Pada tiga hari sebelum menapaki tanah Suruh Tembawang, detikcom sudah menerima penjelasan dari Bupati Sanggau Paolus Hadi. Memang kondisi Jalan Nasional dari Pontianak ke Sanggau dan berlanjut ke Entikong sudah laik. Namun kelaikan jalan belumlah sampai ke desa-desa pelosok.

Jalan Paralel Perbatasan sudah dibangun, Paolus berharap jaring-jaring menuju dusun pelosok perbatasan juga turut diperhatikan pemerintah pusat.

“Yang kita dorong sekarang adalah masyarakat yang langsung berada di perbatasan, mulai dari perbatasan arah Bengkayang, arah Sintang, dan Suruh Tembawang. Bukan hanya di Border (sekitar PLBN Entikong),” kata Paolus di Rumah Dinas Bupati di Kecamatan Kapuas, Sanggau.

Untuk keseluruhan Kabupaten, Paolus menyatakan rasio jalan kabupaten yang tergolong ‘jalan mantap’ masih rendah, sekitar 55 persen saja dan selebihnya masih jalan rusak atau belum dibangun. Apa kendala untuk membangun jaring-jaring jalan sampai pelosok perbatasan?

“Ya duit lah. Bayangkan, uang Rp 1,4 triliun untuk mengurus kabupaten sebesar ‘Provinsi Banten plus’,” kata Paolus.

Medan yang harus dilalui untuk menuju Desa Suruh Tembawang.Medan yang harus dilalui untuk menuju Desa Suruh Tembawang. Foto: Rachman Haryanto

Kabupaten Sanggau punya Anggaran Pendapatan Belanja Daerah (APBD) Rp 1,4 triliun. Dia membandingkan dengan Provinsi Banten yang punya luas wilayah 9.663 km persegi dan Kabupaten Sanggau seluas 12.857 km persegi. APBD Banten sekitar Rp 10 triliun dan APBD Sanggau sepersepuluhnya.

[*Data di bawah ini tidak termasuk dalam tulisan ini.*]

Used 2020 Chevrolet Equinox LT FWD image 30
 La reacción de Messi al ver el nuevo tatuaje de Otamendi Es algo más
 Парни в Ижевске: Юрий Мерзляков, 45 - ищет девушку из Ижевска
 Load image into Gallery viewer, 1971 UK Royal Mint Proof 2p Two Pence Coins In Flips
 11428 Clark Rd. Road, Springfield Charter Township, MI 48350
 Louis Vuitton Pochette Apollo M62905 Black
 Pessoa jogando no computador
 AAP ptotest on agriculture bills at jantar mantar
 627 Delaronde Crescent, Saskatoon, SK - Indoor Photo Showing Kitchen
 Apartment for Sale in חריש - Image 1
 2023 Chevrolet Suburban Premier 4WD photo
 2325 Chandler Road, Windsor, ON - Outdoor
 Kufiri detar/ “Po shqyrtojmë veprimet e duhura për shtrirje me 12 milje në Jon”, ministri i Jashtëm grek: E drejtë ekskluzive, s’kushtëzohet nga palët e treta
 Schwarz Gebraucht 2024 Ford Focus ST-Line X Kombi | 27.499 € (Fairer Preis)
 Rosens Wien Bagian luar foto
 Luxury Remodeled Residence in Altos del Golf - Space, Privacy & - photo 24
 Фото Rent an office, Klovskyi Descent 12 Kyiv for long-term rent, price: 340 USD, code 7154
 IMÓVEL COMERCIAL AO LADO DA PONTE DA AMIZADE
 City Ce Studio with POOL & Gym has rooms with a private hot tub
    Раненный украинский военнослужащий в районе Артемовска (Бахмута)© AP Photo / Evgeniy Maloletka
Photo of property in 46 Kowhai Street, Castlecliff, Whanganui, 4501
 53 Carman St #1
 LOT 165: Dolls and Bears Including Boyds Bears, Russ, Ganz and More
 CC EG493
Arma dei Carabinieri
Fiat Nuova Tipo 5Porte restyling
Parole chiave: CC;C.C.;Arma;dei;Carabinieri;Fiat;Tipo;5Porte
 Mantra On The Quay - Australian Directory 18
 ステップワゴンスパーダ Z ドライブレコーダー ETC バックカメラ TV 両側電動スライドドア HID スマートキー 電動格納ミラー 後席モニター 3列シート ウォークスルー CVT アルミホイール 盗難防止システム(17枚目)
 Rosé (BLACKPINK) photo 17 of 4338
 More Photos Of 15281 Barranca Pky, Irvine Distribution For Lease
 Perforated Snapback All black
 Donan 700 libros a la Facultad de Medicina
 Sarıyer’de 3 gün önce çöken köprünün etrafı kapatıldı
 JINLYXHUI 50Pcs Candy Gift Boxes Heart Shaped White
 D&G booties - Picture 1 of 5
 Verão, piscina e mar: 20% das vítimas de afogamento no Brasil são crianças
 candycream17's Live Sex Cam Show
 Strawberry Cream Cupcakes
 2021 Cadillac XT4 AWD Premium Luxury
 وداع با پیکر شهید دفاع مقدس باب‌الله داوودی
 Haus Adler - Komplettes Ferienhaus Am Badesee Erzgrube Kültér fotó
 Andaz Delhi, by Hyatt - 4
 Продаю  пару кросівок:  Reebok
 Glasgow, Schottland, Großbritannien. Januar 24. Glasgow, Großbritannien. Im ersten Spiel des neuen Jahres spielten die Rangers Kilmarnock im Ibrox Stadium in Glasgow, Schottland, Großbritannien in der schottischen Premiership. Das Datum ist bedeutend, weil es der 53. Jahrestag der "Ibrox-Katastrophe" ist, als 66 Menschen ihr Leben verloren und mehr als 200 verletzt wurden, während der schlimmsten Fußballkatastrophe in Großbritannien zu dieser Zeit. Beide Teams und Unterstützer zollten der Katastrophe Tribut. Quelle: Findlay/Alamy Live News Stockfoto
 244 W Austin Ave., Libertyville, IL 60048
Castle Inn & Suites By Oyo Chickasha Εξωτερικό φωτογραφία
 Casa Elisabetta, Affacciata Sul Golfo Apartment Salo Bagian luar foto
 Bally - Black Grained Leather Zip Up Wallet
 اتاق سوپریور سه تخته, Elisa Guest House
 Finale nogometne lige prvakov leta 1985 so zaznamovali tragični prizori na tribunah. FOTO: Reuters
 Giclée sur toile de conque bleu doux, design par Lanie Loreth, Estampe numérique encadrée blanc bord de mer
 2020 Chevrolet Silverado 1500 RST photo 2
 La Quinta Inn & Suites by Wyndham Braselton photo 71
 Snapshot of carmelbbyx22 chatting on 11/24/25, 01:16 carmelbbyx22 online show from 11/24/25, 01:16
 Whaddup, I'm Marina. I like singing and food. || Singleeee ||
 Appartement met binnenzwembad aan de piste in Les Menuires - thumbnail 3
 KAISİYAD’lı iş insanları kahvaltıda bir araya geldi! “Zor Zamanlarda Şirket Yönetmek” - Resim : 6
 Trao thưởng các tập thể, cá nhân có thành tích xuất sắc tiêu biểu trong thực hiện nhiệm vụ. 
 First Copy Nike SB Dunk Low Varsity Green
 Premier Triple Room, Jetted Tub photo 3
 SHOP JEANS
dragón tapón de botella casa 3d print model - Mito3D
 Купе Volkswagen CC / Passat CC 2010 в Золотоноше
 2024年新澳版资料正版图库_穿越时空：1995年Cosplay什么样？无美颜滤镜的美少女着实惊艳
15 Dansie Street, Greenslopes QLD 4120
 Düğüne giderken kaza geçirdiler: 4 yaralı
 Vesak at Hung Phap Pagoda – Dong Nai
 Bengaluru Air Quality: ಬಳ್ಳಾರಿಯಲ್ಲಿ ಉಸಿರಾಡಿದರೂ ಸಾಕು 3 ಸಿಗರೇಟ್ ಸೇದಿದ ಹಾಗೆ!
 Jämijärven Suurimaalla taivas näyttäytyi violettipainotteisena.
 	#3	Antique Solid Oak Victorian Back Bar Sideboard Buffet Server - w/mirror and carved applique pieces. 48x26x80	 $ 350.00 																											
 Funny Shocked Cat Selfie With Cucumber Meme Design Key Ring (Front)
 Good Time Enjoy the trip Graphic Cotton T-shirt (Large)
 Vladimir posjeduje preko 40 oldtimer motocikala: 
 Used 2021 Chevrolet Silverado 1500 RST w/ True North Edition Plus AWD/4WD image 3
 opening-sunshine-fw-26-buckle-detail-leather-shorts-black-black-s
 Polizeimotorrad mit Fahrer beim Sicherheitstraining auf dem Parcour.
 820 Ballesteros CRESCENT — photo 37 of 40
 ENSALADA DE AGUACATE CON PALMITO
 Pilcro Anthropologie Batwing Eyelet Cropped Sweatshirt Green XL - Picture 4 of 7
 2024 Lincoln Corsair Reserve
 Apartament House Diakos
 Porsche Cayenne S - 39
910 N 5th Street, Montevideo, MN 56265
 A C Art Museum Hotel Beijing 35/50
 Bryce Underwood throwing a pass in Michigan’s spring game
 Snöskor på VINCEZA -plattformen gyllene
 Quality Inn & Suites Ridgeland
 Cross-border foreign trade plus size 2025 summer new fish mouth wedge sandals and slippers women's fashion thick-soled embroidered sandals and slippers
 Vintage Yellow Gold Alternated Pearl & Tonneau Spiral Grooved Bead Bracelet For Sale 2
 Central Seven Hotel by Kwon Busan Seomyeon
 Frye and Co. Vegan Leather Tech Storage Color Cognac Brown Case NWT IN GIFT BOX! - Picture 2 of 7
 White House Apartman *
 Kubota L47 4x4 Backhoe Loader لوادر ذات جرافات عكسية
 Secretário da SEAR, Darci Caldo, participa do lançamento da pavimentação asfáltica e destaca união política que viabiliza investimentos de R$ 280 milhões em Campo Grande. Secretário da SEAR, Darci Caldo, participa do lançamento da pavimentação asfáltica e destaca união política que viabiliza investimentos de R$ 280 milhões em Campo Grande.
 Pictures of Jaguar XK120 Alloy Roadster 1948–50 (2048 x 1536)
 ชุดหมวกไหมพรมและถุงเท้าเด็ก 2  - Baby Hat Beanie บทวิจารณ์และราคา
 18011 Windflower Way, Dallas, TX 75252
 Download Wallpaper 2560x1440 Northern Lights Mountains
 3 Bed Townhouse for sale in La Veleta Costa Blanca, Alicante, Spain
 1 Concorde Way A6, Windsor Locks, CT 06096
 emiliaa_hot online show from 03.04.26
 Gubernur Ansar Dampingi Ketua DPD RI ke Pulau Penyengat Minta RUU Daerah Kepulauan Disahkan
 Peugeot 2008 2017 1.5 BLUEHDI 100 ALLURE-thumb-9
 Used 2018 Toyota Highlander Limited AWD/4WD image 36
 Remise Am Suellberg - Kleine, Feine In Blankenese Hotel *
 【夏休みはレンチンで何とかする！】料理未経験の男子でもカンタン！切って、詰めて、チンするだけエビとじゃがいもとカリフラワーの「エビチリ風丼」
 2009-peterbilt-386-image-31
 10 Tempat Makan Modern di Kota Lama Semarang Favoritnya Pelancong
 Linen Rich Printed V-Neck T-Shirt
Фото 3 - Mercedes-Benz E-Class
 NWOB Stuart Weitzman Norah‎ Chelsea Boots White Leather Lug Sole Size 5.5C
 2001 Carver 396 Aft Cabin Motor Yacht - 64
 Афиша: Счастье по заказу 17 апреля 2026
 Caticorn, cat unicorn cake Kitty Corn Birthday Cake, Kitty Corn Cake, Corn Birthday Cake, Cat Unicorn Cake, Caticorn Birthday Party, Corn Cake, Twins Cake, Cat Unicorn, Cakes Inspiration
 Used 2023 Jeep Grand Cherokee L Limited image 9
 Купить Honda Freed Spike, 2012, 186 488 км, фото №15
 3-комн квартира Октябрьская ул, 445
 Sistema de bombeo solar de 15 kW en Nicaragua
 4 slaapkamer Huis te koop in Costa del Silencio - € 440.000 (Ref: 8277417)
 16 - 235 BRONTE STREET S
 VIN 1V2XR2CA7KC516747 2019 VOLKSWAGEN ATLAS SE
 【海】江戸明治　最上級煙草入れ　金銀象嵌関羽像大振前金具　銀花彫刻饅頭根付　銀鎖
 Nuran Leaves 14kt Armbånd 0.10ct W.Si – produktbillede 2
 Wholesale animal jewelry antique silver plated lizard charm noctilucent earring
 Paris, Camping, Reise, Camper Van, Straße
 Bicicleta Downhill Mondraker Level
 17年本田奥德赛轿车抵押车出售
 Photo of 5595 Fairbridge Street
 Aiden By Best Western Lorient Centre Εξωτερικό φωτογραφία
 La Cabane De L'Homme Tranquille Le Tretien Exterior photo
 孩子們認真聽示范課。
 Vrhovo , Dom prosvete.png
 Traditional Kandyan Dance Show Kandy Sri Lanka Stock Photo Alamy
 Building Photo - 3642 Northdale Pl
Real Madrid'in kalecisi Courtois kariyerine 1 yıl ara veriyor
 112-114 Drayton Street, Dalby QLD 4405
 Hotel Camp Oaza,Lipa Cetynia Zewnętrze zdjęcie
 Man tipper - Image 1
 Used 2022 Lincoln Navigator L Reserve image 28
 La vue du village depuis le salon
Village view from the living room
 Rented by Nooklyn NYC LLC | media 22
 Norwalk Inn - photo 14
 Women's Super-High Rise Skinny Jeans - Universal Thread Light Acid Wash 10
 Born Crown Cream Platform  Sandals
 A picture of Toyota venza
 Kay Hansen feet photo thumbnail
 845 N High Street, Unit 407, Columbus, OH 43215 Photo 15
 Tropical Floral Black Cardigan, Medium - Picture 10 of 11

Namun Paolus juga sadar, kepadatan penduduk Sanggau jauh lebih rendah daripada Banten. Terlepas dari itu, penduduk Sanggau tetap harus tersentuh negara meskipun letaknya terpencil di pelosok perbatasan. Perlu dana lebih untuk membangun jalan sampai pelosok. Sedangkan membangun jalan kabupaten saja butuh sekitar Rp 4 miliar untuk panjang hanya belasan kilometer untuk kualitas setara dengan Jalan Nasional. Belum lagi, jalan kabupaten kerap hancur gara-gara aktivitas kendaraan truk-truk kelapa sawit dan industri perkebunan lainnya, apalagi bila kualitas aspalnya yang murah-murah saja.

“Dengan anggaran kecil ini, kami mohon dukungan Pemerintah Pusat juga supaya infrastruktur kita baik,” tandas Paolus.